Magdalena Fernández's Mobile Body Paintings arrived at the Clavijero Cultural Center, in Morelia, to breathe with the Mexican public.


The exhibition includes the videos of the series Pinturas Móviles Corporales (Body Moving Paintings). With these works, made in Venezuela and Mexico, the starting point are persons and, with them, different connections and forms are traced in space to address issues as diverse as the sea, scarcity, resilience, the alignment of consciences and the reunion with the souls of loved ones. But beyond the discourse, it seeks to explore the strength of the common. Therefore, in addition to the final result of the videos, the experience is a fundamental part and one of the main objectives of these works.


The unifying force of shared work.

The first of these videos made was Mares, in 2017. With it the artist seeks to address the different states of the sea, through the human body and breathing. It took place in a crucial year for Venezuelans, when many young people were arrested and killed in the streets of the country's cities while protesting the political and economic situation. The group experience of this work, which spanned a year, somehow also seeks to empower the energy and light of all participants in such dark times for Venezuela. In the same integrated way that in the sea, the particles of air and water generate movement and strength.


Two years later the artist made other videos in her hometown (1pmc019, 2pmc019, 3pmc019), this time to symbolically talk about the shortages in Venezuela. In this way she is taking a stand on the lack of bread, water and light, basic elements for life. At the same time, she seeks to celebrate the resilient and emancipating strength of Venezuelans. On this occasion she also made two videos of a human grid that moves to the rhythm of the group's breathing (4pmc019 and 5pmc019). Through the collective movement and the rhythmic breathing of this work, Fernández wants to make visible the possibility of union and the alignment of individual consciences.
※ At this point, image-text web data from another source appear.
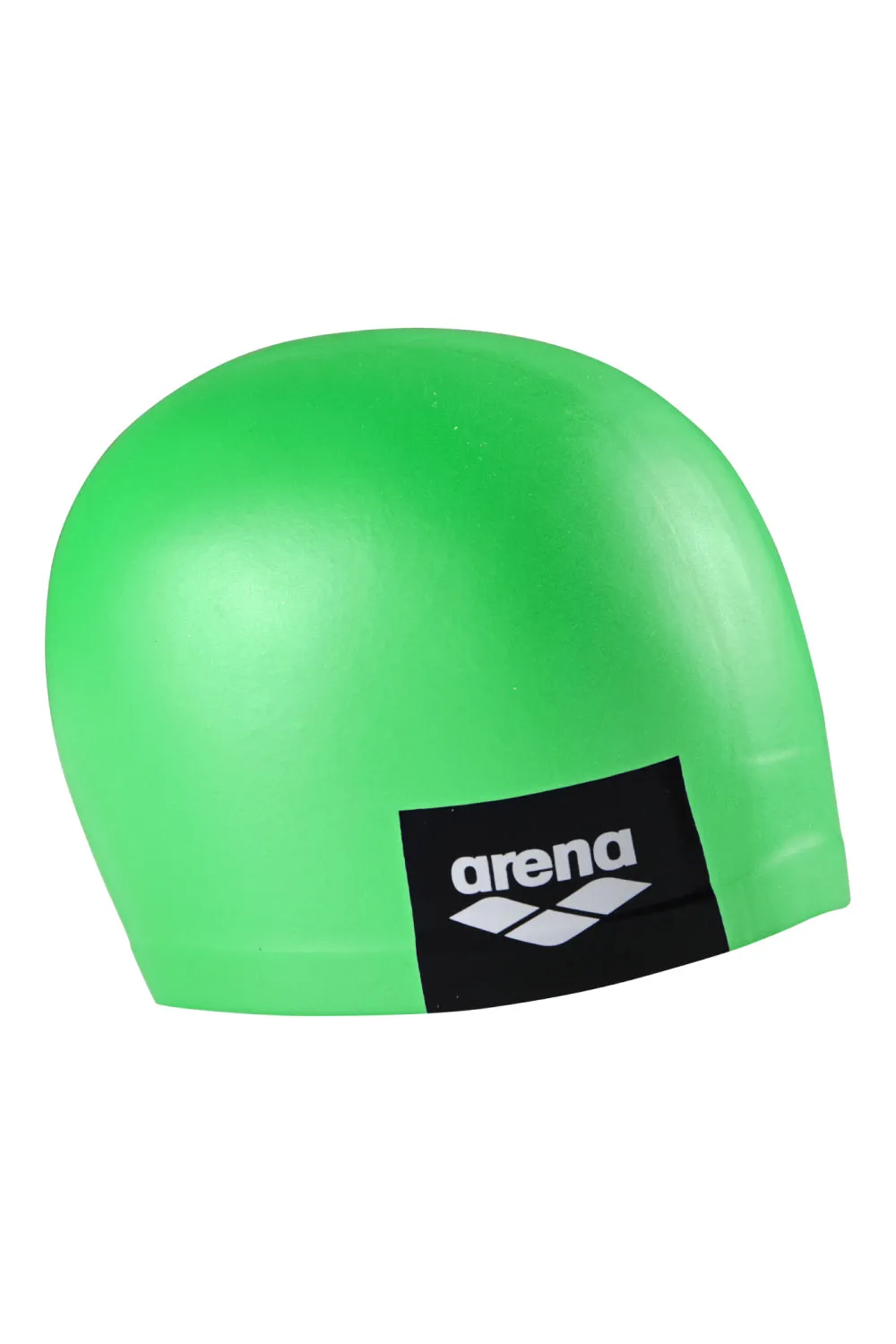 Gorra de Entrenamiento para Natación Unisex Adulto Arena Logo Moulded Cap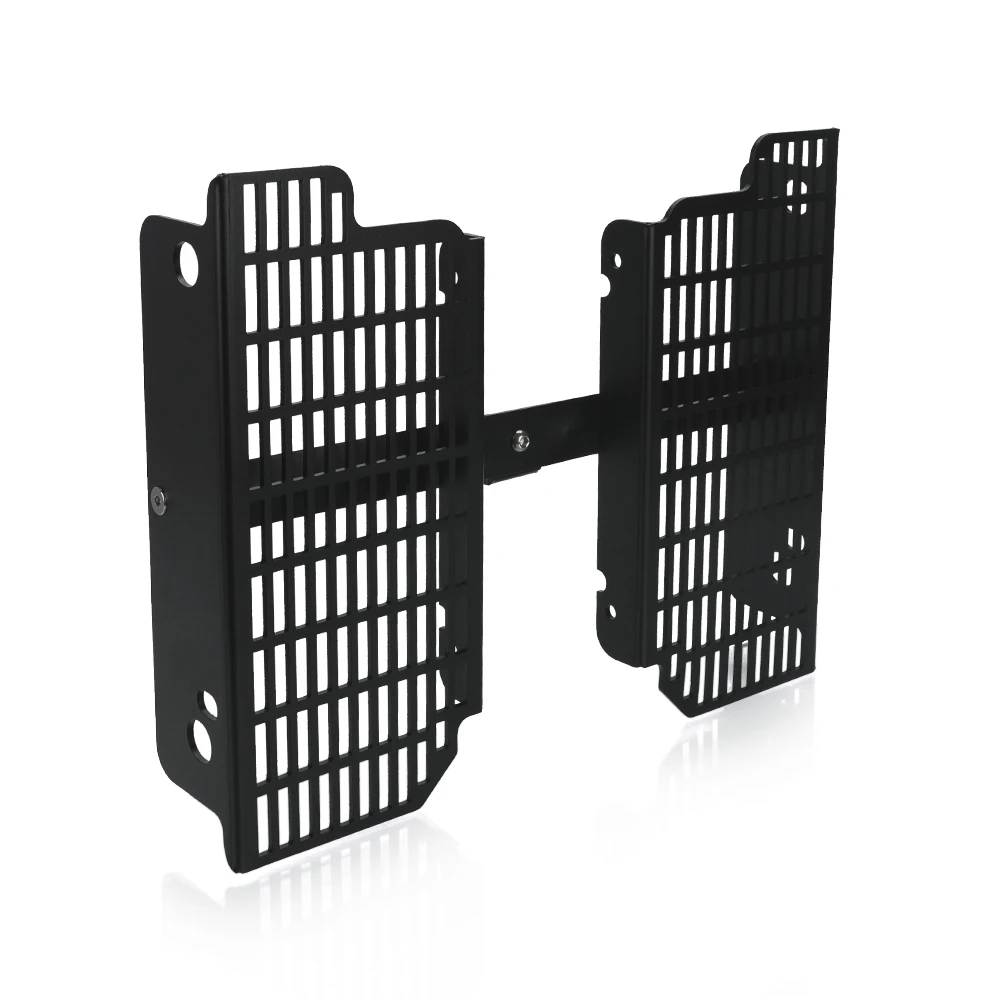 FOR KTM 250/400/450/520/525 4-Stroke EXC MXC SX,XCF,XCFW 2001 - 2003 2004 2005 2007 Motorcycle Radiator Grille Guard Protector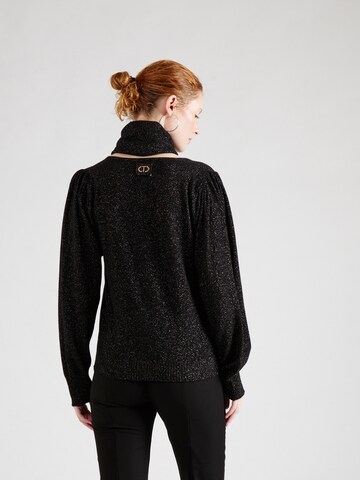 Pullover di Twinset in nero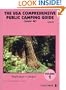 The U.S.A. Comprehensive Public Camping Guide (Lower 48), Vol. 1: Washington, Oregon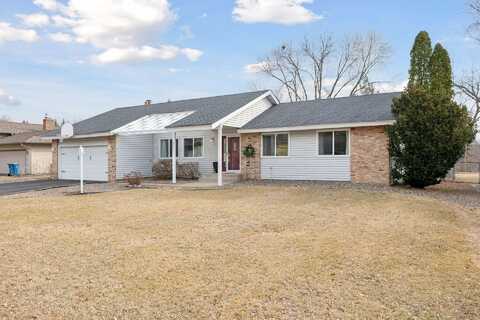 Cavell, MINNEAPOLIS, MN 55438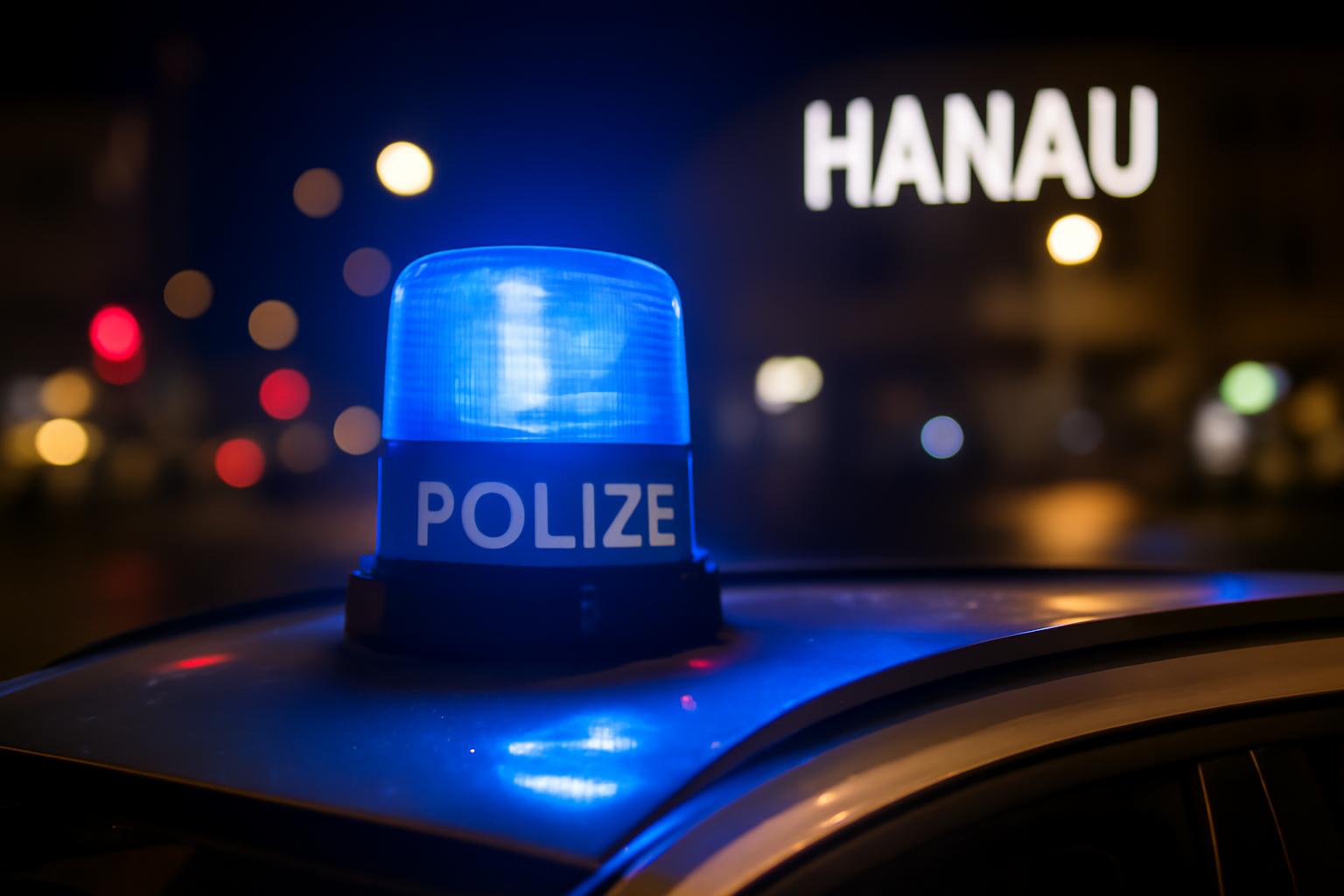 Hanau: Waffenverbotszone – Drogen, Messer, Aufenthaltsverbot; Langen: Streit um Geldbörse endet strafrechtlich 🚓⚖️💼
A look at the Día de los muertos (Day of the Dead)

In 2022, Alejandro Ramírez Magaña, through the Cinépolis Foundation, invites Magdalena Fernández to show two of her video installations at the Clavijero Cultural Center and the artist seizes this invitation and proposes to make a series of videos, in the cultural center itself, but this time focusing on Mexican themes, specifically on the cempasúchil flower, so important in the celebration of the Día de los Muertos, and on the monarch butterflies, which end their migratory journey precisely in Michoacán.